NCN Online Archives

 

Letters To the Editor:
Christal Farm Is Well Worth Saving
by Toni Murphy, Yorktown Heights
The Yorktowner, June 13, 1973

I would respond to Mrs. John Wilkens letter published in your paper May 30, 1973.

I am the mother of three school age children and a tax-paying homeowner in Yorktown since 1956.

Since I believe, "one picture is worth a thousand words," I spent a pleasant hour one Sunday photographing Hanover Hills Farm. I enclose the photos to illustrate the present "neglected" condition of the farm, as well as to acquaint newcomers with the beauty and elegance of its buildings and grounds.

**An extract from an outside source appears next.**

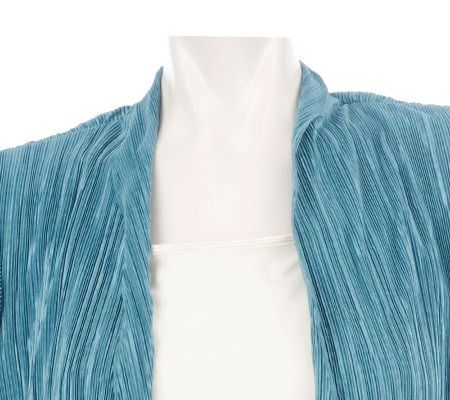 George Simonton 3/4 Sleeve Drape Front Pleated Cardigan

The main house is over 200 years old and is presently under study for its historical value. The entire farm, which encompasses just under 250 acres, is located on the periphery of Croton Heights, a well documented historical area.

The farm was a successful dairy farm until 1970, when the livestock was sold at auction. The manager, Dave Younger, and general caretaker, Ed Tammearu, have remained in residence with their families to maintain the grounds and buildings and tend to a minimum of cows boarded there. Some space has been rented out to board half a dozen houses. Hay and corn are still grown and harvested for forage. Work is constant on the farm and each summer agricultural students have been hired to labor and learn there.

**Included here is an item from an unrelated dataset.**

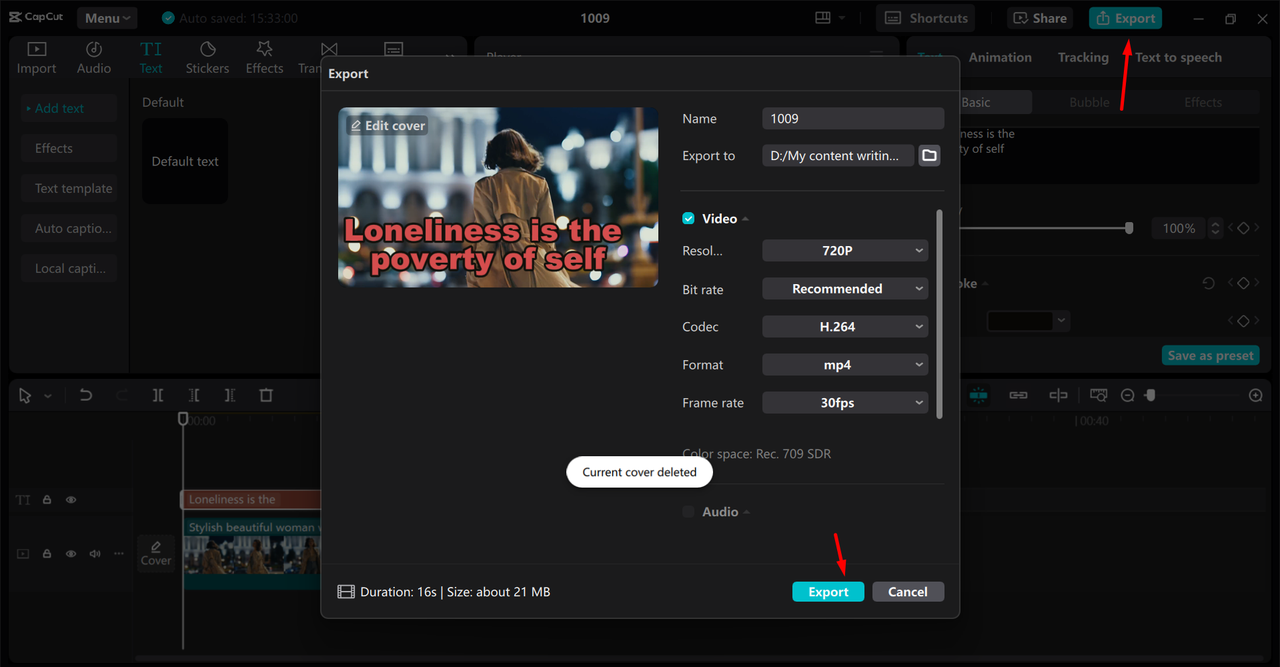 Exporting video from the CapCut desktop video editor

A committee and its meetings are open to everyone. I would like to invite Mrs. Wilkens to join us. We need people who know the value of an apple growing and a cow grazing both for their esthetic value and environmental educational purposes.

As parents, we must be careful not to cut our budgets at the expense of our family's safety or our children's education. We are all feeling the pinch of rising taxes, but on a broader scale we must recognize the rising cost of living across the country. Our present inflation is not peculiar to Yorktown because of a "street sign" or "stop light" we may have needed.

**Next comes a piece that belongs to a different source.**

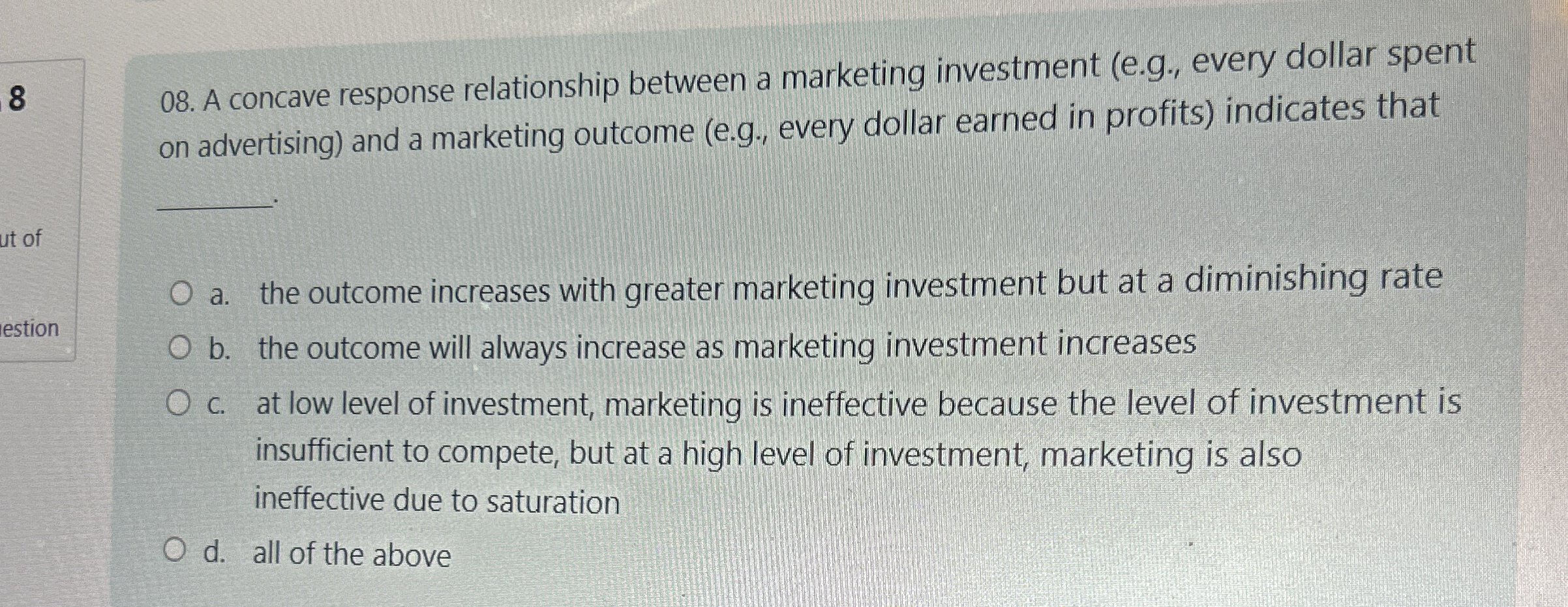 8 0 8 . A concave response relationship between a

The population of Yorktown has increased from approximately 10,000 people in 1956 to some 30,000 in 1973. Most of our farmland has been lost to building. We should all, therefore, be interested in saving what is one of the last working farms in northern Westchester. We cannot stop building houses where there is a need to house families. It is true that farmers have been selling their land to developers partially because of "increased taxes" and partially because land "value" rises where there is a need to build. This then becomes an economic impossibility to refuse the "right price." In Suffolk County, L.I., townships are buying farms and leasing them back to farmers to work the land and preserve the farm. I don't believe Yorktown can spend a million at this time to preserve the major working portion of it through a generous gift from Nottingham Associates who are presently under contract to buy it.

To speak of "increasing taxes to regain a lost farm" is ridiculous. At a Planning Board meeting recently, all the facts pertaining to increases in school children, units per acre, etc. were presented to the public. It was demonstrated that developing a portion of the farm, using cluster zoning, would bring the town more tax dollars than the acreage brought in as farmland.